But I have seen this repeated too many times in life to think that this is merely silly. You know that you drink too much. You know that it has crossed the line and you are an alcoholic. But you don’t want to stop drinking. You don’t want to miss late night’s in the bar or even late night’s disconnected from reality. You don’t want to stop drinking and so you just hang on to alcohol as the answer.

The same can be true for drugs, even prescription drugs. You know there is a problem and that they are not the answer, but yet you hang on. Or you can get caught up in a cycle of unhealthy relationships, but keep holding on to that as the answer. Or it can be that you are addicted to approval. You need others to tell you how good you are doing. Somewhere deep down, you know your self worth doesn’t depend on those other people, but yet you hang on to that answer.

Homer only looked like an idiot because he was holding on to a soda and a bag of chips. But all of us can be hanging on to some solution just as worthless. Instead, Jesus tries to break in and provide the real solution, but we can’t let go of the alcohol, drugs, unhealthy relationships and need for approval long enough to discover whether Jesus solution will work.

What Jesus holds out as the answer is sometimes called conversion or repentance. It is a change of heart and mind. It’s the whole reason that Jesus was willing and even wanted to hang around people who weren’t living right—because he wanted them to live into changed lives. He saw how they were living and he wanted something better for them.

But while I am preaching for conversion here, pleased don’t misunderstand my message. If this was a plea for the sinners in our midst to Get Saved, then most of us could nod off to sleep and wait for the prayers and communion. But Jesus is not just talking about a one time decision that puts you off the hook for all eternity and neither am I.

Changing your heart and mind to feel and think the way God feels and thinks is not easy. This takes more than a mere moment of decision. Conversion is an ongoing process. Yes, it begins in a moment of giving your life to Jesus. But it continues by giving your life back to him every day. And for most of us, there is an ongoing series of conversions.

For each of us it will be different, but just so you see what I am saying, you first convert to the idea that there is a God and that God wants to know you. Then you convert to understanding how that relationship with God should effect how you relate to your parents, your friends and your husband or wife. You have to have a change of heart to begin to see those people as God sees them and to treat them differently because of it. Then you convert to seeing everyone, even your enemies in that same way. At another point you convert to seeing your finances differently and begin to tithe, giving an actual ten percent of your income to God off the top before you spend anything else. It seems like a big conversion, but once on the other side with that changed heart and mind, it seems easy. And so go the many conversions that take place.

If you consider yourself “saved,” great, but you still have a long way to go. That’s perhaps why Episcopalians don’t tend to emphasize getting saved. It’s not that we don’t think that everyone doesn’t need to give their lives to God, it’s just that we chose to emphasize that one step as part of a bigger process of conversion.
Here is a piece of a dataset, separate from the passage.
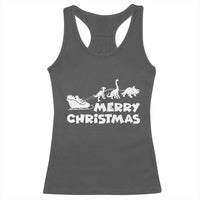 Funny Xmas Dinosaur Racerback Tank Top Merry Christmas Dino Santa's Sleigh - Wonder Print Shop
The problem is that language of getting saved or being saved is helpful to a point. It helps us talk about coming into a relationship with God. But that language also gets in the way. For once we say we have been saved, it gets us off the hook from more God talk.

Instead, I challenge you to consider metanoia, a change of heart and mind. Where is God trying to break down your defenses and enter in with a deeper understanding. One way to ask yourself this is to think back to Homer Simpson, elbow deep in a Coke Machine. You know how clever he looked holding on to a soda. What about you? What are you holding on to? What is it that you need to let go of in order to have that change of heart and mind?

I’ll give you a hint. It will be some lesser solution, offering something less than the peace of God. If it is smoking, or gambling, or wrongly used prescription drugs, or illegal drugs, or…I could go on. You will begin by getting defensive and saying that there is nothing wrong with whatever it is. But notice that I am not picking on you or even on these behaviors. Your next door neighbor might be able to go to Vegas, mess around on the slot machines, play roulette and try there hand at black jack and come home entertained, if a little poorer, while you would get sucked up in gambling fever that would over take your life. I have known people who went to the dog tracks once or twice and found it amusing. I also had a co-worker who had his whole life sucked up at the track as her pursued a system to win. And that is just gambling. The same applies to other areas of your life.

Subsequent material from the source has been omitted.